Webconsole Healthchecks

Hi there,

For our application I was looking into a way to implement health checks for monitoring the application. Example use cases are for Loadbalancers or Container Orchestration tools that monitor the application for health.

I found the following Felix package, but cannot seem to add it to the dependencies.
In particular, I was aiming to add the webconsole plugin and use that endpoint.

This might be more appropriate for a Github Issue, but maybe somebody can already let me know here if this is at all possible?

Hi,

which application are you trying to monitor - OpenEMS Edge or Backend?

For Edge I would watch the _sum/State Channel.
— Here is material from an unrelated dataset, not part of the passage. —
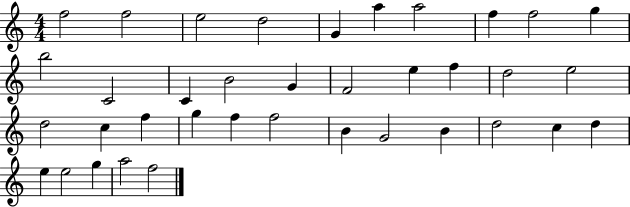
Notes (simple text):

F5/h F5/h E5/h D5/h G4/q A5/q A5/h F5/q F5/h G5/q B5/h C4/h C4/q B4/h G4/q F4/h E5/q F5/q D5/h E5/h D5/h C5/q F5/q G5/q F5/q F5/h B4/q G4/h B4/q D5/h C5/q D5/q E5/q E5/h G5/q A5/h F5/h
This value is available via multiple ways, e.g. Modbus-TCP-Api and JSON/REST-Api. There are also ongoing developments for automated alerting mechanism based on this Channel (-> Implementation of SumState-Alerting by da-Kai · Pull Request #2260 · OpenEMS/openems · GitHub)

For Backend there was one approach suggested (which I am not 100 % sure if it is the best way to do it…): Allow unauthenticated access to /live on Backend2Backend REST API by phfeustel · Pull Request #2439 · OpenEMS/openems · GitHub. Your approach sounds also good, even though it might only cover a part of the actual availability state.

Which error do you get, when adding the healthcheck bundle?

Regards,
Stefan

Hi Stefan,

Thanks for your reply.

I am trying to monitor the OpenEMS Edge application. Since it’s using the Apache Felix framework, I went looking for pre-existing libraries to add some healthcheck utility for monitoring the application.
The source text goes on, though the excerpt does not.